Erich Ferrari, un avocat de Washington représentant Kabila, a déclaré dans une lettre marquée «mise en demeure » que les élections étaient légitimes, certifiées par la cour constitutionnelle du Congo et acceptées par les États-Unis et les Nations Unies. Il a également nié que le fondement juridique des sanctions contre Gertler n'avait rien à voir avec ses relations présumées avec Kabila ou que celles contre les responsables de son gouvernement étaient destinées à le contraindre à organiser des élections.

 

Mais désespéré de recevoir un soutien financier du Fonds monétaire international et d'autres donateurs, Tshisekedi a pris des mesures pour éliminer la corruption.
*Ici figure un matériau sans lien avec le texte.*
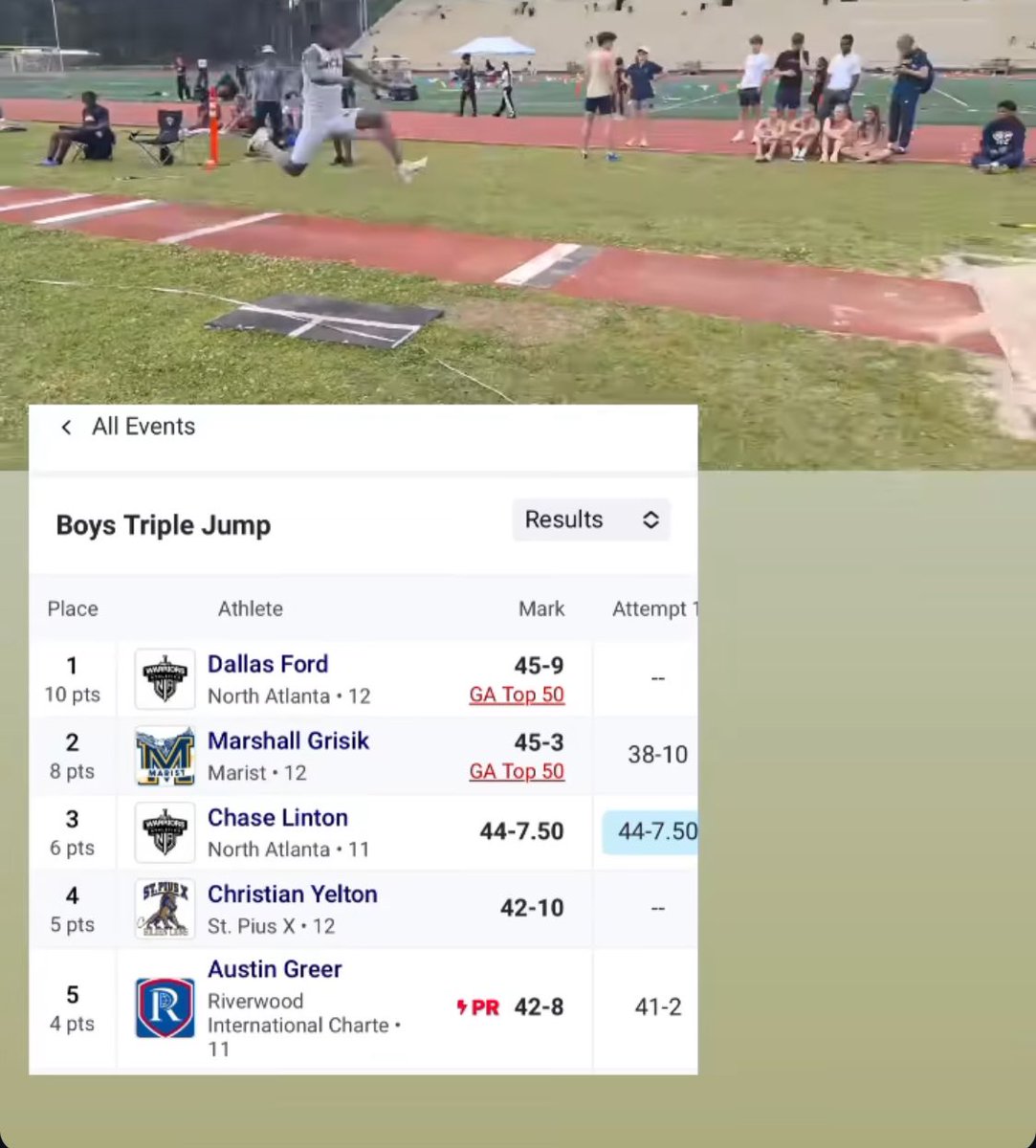 Kim Ford, M.A. | TV Host | TEDx Speaker tweet media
En décembre, un procureur a ouvert une enquête sur la manière dont la Gécamines a utilisé un prêt de 128 millions d'euros que Gertler a accordé à la société minière avant l'imposition de sanctions. Ce genre de contrôle de la part des autorités congolaises est sans précédent. Bien que Gertler ne fasse pas l'objet d'une enquête, les responsables des mines du gouvernement se posent des questions sur la destination de l'argent, selon deux personnes familières avec l'affaire. En juin, le chef de cabinet de Tshisekedi a été reconnu coupable de corruption et condamné à 20 ans de prison, verdict dont il fait appel.

 

Si le projecteur brille sur l’unité Afriland au Congo, cela pourrait aggraver les choses pour Gertler. Cela pourrait également faire pression sur Citigroup pour mettre fin à ses relations bancaires avec la société mère d'Afriland, ou amener les États-Unis à prendre de nouvelles mesures — le scénario que Willy Mulamba craignait lors de sa rencontre avec les responsables du Trésor l'année dernière.

 

Pourtant, les récentes actions anti-corruption lui donnent un peu d'espoir. « Le nouveau gouvernement reconnaît la nécessité de faire partie de l'écosystème financier mondial si le pays veut attirer des flux d'investissement et voir la croissance », a déclaré Mulamba. « En tant que tels, ils travaillent avec Citi, le gouvernement américain et d'autres pour y arriver. »

Si cela ne se produit pas, un ancien président, un homme d'affaires et une petite banque pourraient ruiner un pays plus profondément.